MEHMET ÇETİN’İN KAYBI

Mehmet Çetin, çok genç ve yararlı olabileceği bir dönemde, kendi hatası sonucu yaşamdan koparıldı. Anlamı olmayan, geri arkadaşlık duygusu onu tutsak aldı. Gerçeklere uymayan “yiğitlik-mertlik” duygusunun kurbanı oldu. Dr. Doğu Perinçek’in 44 yıl önce ifade ettiği gibi “kafasında mermilerle toprağa” düştü. 
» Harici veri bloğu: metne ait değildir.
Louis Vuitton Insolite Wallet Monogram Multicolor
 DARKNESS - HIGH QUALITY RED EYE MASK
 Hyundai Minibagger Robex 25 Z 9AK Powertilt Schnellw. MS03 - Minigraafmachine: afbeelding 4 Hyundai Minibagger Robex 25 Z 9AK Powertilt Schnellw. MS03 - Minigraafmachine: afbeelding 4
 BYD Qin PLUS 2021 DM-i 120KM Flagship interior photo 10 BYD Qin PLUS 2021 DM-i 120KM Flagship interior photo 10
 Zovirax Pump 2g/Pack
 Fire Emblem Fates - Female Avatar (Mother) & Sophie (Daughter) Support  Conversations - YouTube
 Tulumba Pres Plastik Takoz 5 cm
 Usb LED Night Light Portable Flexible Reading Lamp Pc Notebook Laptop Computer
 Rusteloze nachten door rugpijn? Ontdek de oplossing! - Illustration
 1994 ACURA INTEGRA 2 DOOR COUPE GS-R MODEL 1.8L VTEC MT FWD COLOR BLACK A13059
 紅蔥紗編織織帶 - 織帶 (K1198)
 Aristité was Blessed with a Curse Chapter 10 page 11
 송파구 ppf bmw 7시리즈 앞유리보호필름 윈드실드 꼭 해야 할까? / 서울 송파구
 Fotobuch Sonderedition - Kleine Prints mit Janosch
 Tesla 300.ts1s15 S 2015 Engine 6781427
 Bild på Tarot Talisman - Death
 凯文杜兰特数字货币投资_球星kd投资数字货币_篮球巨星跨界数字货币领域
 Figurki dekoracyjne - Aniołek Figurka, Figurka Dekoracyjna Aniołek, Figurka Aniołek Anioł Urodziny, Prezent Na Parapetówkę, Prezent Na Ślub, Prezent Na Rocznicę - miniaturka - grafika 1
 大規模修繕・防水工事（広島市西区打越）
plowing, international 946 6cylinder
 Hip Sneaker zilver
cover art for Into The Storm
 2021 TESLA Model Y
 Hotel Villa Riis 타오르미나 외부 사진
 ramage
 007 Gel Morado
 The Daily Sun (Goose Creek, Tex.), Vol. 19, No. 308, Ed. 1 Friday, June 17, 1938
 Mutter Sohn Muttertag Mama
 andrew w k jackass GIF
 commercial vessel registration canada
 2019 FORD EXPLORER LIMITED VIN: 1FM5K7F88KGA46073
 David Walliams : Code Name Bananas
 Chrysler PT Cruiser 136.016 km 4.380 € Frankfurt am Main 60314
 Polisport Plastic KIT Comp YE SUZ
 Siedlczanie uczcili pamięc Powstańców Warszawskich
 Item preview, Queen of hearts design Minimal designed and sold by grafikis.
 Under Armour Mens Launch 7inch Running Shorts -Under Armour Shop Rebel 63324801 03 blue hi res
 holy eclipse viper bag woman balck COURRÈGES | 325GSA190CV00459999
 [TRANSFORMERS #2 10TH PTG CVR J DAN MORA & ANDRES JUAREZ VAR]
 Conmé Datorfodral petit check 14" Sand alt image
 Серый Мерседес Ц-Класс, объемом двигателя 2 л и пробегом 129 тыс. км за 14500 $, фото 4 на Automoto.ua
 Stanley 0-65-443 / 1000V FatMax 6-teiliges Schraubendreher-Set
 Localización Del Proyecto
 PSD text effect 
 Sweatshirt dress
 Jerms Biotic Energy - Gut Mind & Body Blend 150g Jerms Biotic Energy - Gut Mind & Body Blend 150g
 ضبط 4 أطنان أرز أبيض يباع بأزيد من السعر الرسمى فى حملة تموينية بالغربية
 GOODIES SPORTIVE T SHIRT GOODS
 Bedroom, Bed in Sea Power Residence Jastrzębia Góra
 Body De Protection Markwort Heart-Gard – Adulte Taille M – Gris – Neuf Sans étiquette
Mehmet Çetin vurulmadan bir hafta önce, komşu köyden yakın arkadaşı Salman Erol, Aydınlık gazetesini dağıtırken bir kaza sonucu yaşamını yitirmişti. Bu iki arkadaşın arka arkaya ölümü, adeta yeni ve daha zor bir dönemin habercisi olmuştu. Bu iki arkadaşın ölümünden birkaç ay sonra bölge çapında Gladyo provokasyonları ve PKK saldırılarının eş zamanlı başlaması dikkat çekiciydi. 

Ölümünün üzerinden 44 yıl geçti. Onun kafasında taşıdığı mermiler, 44 yıl sonra bize de acı veriyor. Mehmet Çetin’in karakteri, çalışkanlığı ve özverisiyle saygılarımızı fazlasıyla hak ediyor.